PART I: Ohio River Scenic Byway - Cairo, IL to Maysville, KY
Our time on the Ohio River Scenic Byway is a journey that starts at river's end and flows almost a thousand miles upstream to its beginning, passing through an ever-changing landscape of people, history, scenery, and events.
Time is a sort of river of passing events, and strong is its current; no sooner is a thing brought to sight than it is swept by and another takes its place, and this too will be swept away.
- Marcus Aurelius
Tommy Lee Jones Sat Right There
The Ohio River, which is the Mississippi's largest tributary by volume, was the waterborne route followed by many settlers heading west in the 18th and 19th centuries. Lewis and Clark followed it to the Mississippi and then headed up the Missouri River in keelboats on their famous expedition. During the Civil War, the Ohio served as a dividing line and water barrier between the North and South. In later times, though, it became a vast industrial corridor, somewhat similar to the Ruhr Valley in Germany.
Motorcycles & Gear
2008 Buell Ulysses XB12XT
HD Fat Bob
Helmet: Shoei X-Eleven, AGV S4
Jacket & Pants: Olympia Stealth 1-piece
Boots: Oxtar Infinity, REV'IT Airblend
Gloves: Olympia Accordian, Cortech Accelerator Series 2
With these thoughts sifting through my consciousness, we begin our expedition at the confluence of the Ohio and Mississippi Rivers on a narrow spit of land occupied by Cairo, IL. Florian Neuhauser is on the Buell Ulysses, and I am riding the Harley-Davidson Fat Bob. Cairo was an affluent river town in the 1800s and, during the Civil War, it served as a strategically important supply base and training station for Union soldiers. The decline in river traffic afterward exacted a heavy toll on the town's economy, from which it may never have fully recovered. One can only hope that someday there will be a concerted effort to restore and capitalize on the town's historical and architectural legacy to make it a more attractive tourist destination.

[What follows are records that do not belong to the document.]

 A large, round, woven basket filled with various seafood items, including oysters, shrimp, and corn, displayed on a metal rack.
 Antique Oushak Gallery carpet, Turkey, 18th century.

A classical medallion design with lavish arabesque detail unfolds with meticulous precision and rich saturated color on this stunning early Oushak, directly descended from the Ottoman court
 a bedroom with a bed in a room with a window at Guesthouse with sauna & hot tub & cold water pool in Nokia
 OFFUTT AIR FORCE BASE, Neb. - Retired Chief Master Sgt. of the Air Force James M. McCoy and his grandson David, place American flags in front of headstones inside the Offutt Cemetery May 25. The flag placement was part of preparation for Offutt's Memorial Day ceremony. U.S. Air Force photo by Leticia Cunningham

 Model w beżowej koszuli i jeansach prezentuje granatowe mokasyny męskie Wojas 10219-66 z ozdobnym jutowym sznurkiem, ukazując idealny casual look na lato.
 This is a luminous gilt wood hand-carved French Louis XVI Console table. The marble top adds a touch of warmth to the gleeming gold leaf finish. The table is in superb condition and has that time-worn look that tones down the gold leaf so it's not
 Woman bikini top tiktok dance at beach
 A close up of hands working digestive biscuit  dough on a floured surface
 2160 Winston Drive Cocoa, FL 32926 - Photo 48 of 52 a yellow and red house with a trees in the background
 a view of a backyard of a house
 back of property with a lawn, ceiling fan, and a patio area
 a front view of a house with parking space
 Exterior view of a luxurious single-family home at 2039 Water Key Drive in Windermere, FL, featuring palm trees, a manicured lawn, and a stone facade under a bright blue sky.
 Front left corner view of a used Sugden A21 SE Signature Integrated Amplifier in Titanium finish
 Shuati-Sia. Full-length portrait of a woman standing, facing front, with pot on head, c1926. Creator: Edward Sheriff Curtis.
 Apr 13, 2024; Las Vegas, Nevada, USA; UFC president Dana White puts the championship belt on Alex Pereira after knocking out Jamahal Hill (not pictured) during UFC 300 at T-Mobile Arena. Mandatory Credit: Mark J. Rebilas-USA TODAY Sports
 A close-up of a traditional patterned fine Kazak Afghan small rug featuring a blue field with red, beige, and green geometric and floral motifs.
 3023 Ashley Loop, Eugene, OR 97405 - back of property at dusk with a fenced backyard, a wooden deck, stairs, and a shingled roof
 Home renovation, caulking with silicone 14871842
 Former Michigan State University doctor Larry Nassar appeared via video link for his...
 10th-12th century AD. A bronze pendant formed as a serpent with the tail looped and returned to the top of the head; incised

Southern Illinois may seem like an unusual place to find Superman, but the river village of Metropolis pays tribute to "The Man of Steel" in a big way. Although Lois Lane is nowhere to be found, a larger than life statue of Superman dominates the town square. And directly across the street is the Super Museum, stuffed to the rafters with over 20,000 items relating to the 61-year Superman saga that's been chronicled in comic books, on television, and in the movies. Florian asks me to take his picture behind a muscular life-sized Superman body cutout. I do so and declare, "I'm certain your mom will be proud."
Our overnight destination, Bay City General Store & Lodging, is located just across the road from the Ohio River. The owner informs us that the airplane crash scene in the movie US Marshalls was filmed "right here!" Florian watches the movie clip, which the owner just happens to have on hand for guests' viewing pleasure; and later, as we're enjoying the evening breeze on the porch, Florian points to a spot on the steps and says, "Tommy Lee Jones sat right there in the movie. Really, right there!"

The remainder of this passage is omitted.